Las epidemias y el miedo han sido alimentos tradicionales de las posturas políticas más retrógradas. Las actuales pestes parecen diseñadas a la medida de la discriminación, la xenofobia y el rechazo del otro. Porque “el mal viene de afuera” (muletilla de todos los autoritarismos). “El mal es extranjero” (como el dengue y la gripe porcina). Y entonces hay que cuidarse, alejarse del otro, no saludarlo siquiera, porque la saliva apesta, como el agua devenida ajenjo. Y no viajar, no moverse, quedarse quieto y si es posible encerrado: como el individuo medieval, que atado a la tierra se movía poco, no se abría ni al mundo ni al otro, y temía a Dios, al Señor-patrón, al pecado y a la peste.

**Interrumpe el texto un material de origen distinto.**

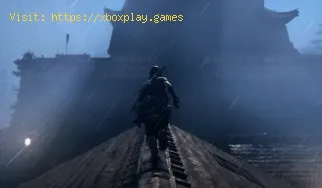 So vermeiden Sie Sturzschäden in Assassin's Creed Shadows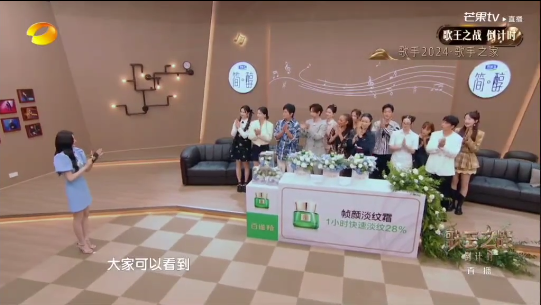 1722477051251085.png image.png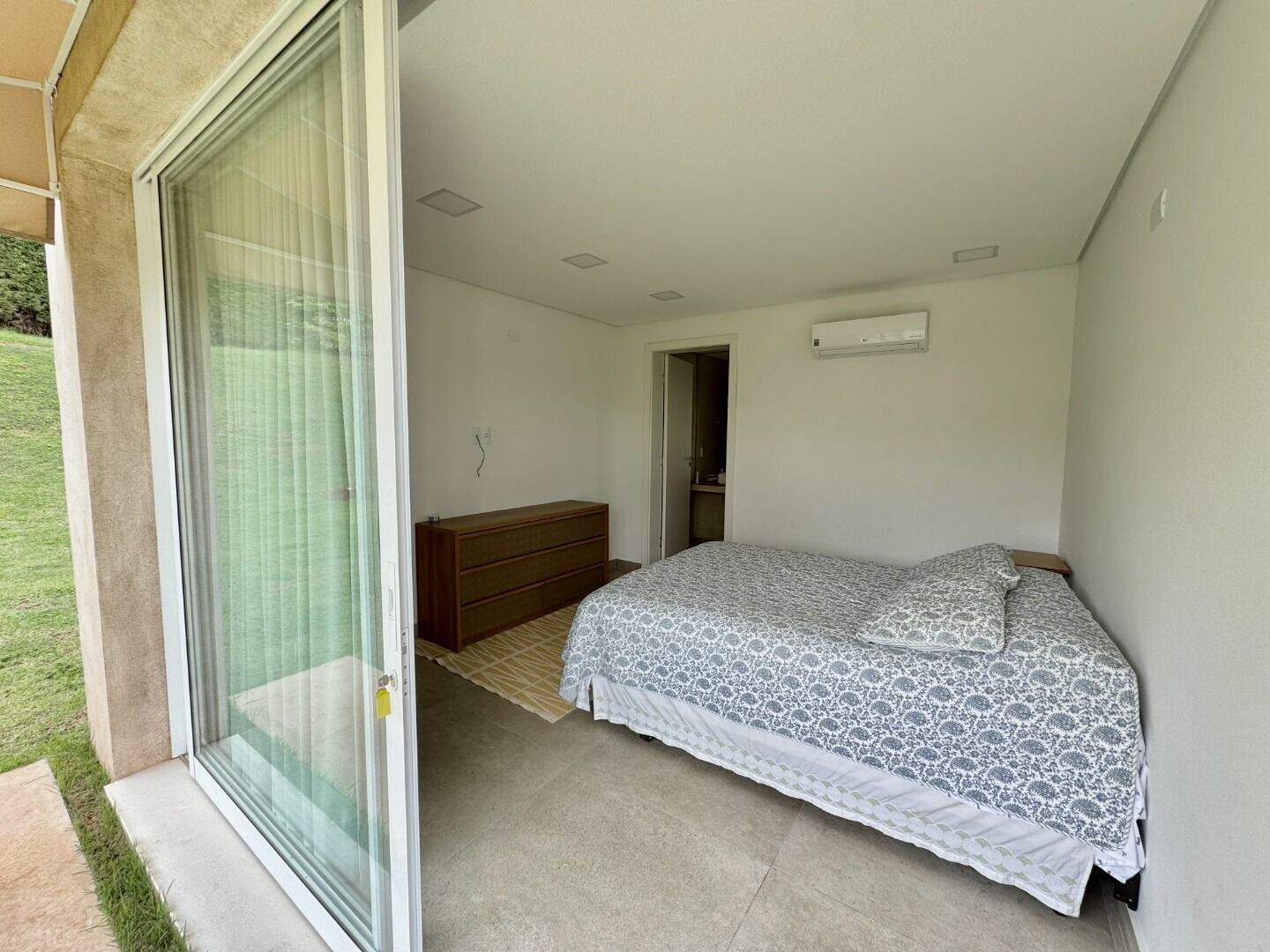 Casa no Fazenda Vila Real de Itu, em Itu disponível para à venda | Grupo Kaion: 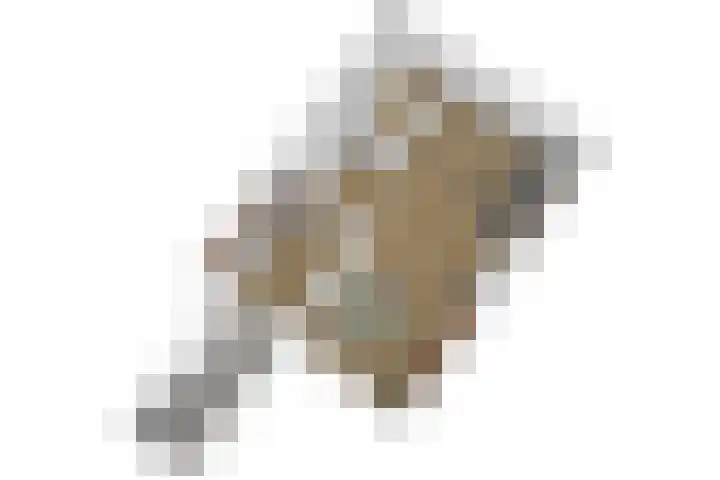 de Merodestraat 1 Zoeterwoude thumbnail 53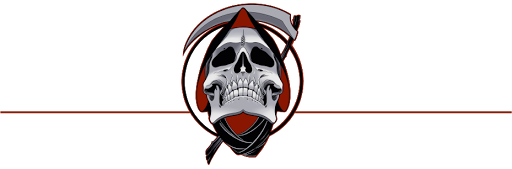 Explore women's wrist tattoo ideas, creative tattoo ideas in North Brunswick, available at Grave Tattoo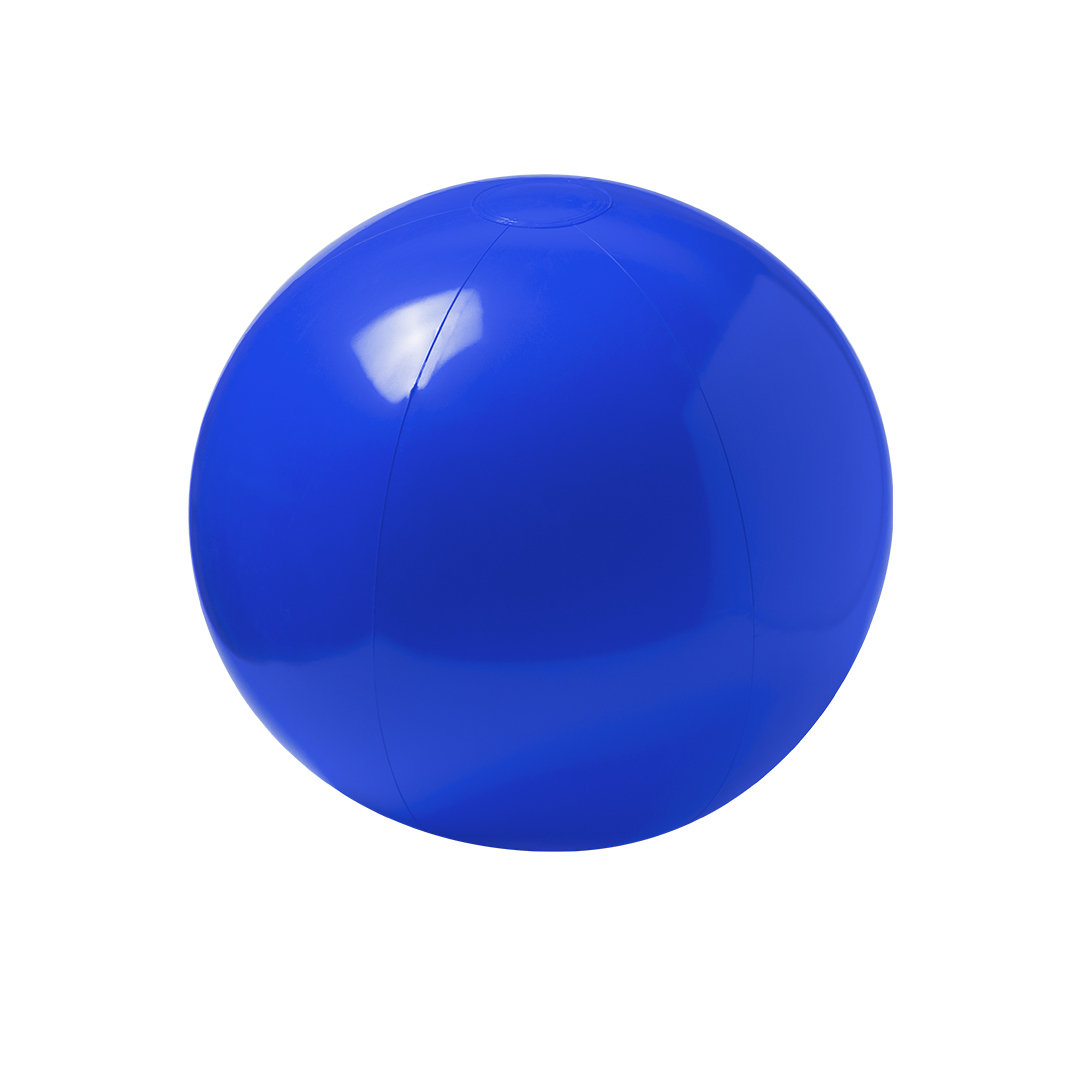 Balón Austin - Imagen 2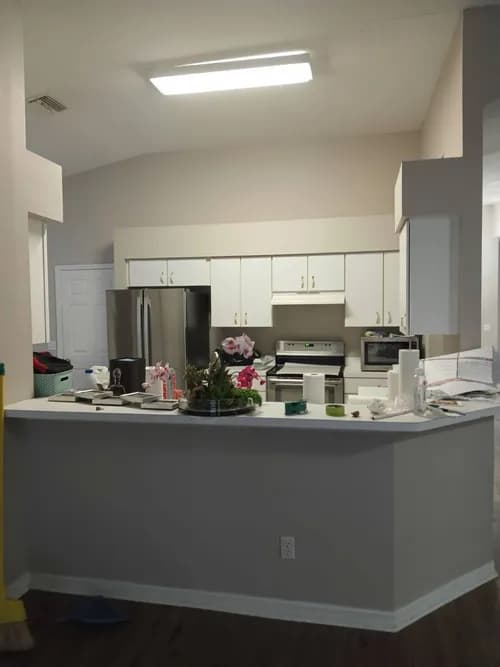 Bestway-Cleaning - Photo 4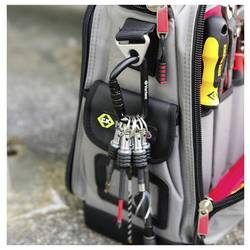 C.K rychloupínací držák bitů 1/4 (6,3 mm)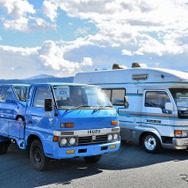 ハチマルミーティング2025 at FSW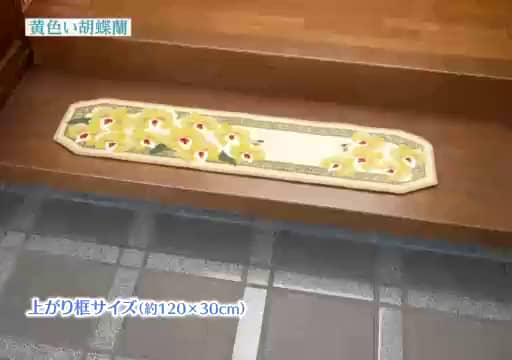 ショート動画詳細 - 通販・テレビショッピングのショップチャンネル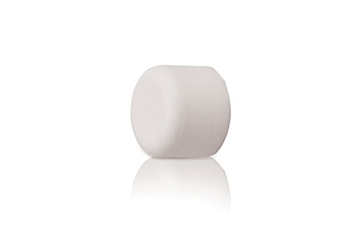 20 MM PPR KAPAMA BAŞLIĞI (P-1375)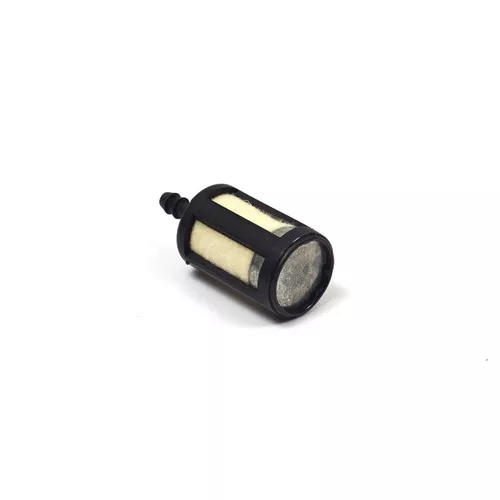 ZAMA ZF3 (EACH) 1/8 175MIC FILTER (Original OEM part)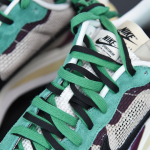 SACIA/WAFFLE 2.0 PURPLE - Image 8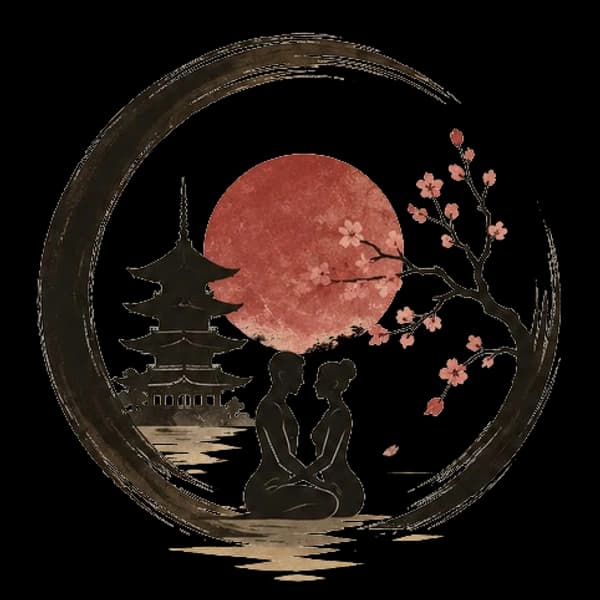 Kyoto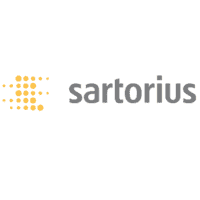 Sartorius YCC99-0007 Cable, SPI Interconnect, Mark 3, 5' with Warranty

En el escalofriante relato de Juan, las langostas eran semejantes a caballos preparados para la guerra: en las cabezas tenían coronas de oro, sus caras eran como caras humanas, tenían cabello de mujer, dientes de leones y colas de escorpiones. Los monstruos que hoy en día pueblan el mundo no son idénticos a los paridos en una cueva de Patmos a finales del siglo I, pero la utilización política del miedo se viene perfeccionando desde entonces. El desafío de estos días parece ser tomar las medidas necesarias para preservar la salud pública sin hacerle el juego a los que utilizan el lógico temor con el oculto objetivo de retrasar la hora unos mil años.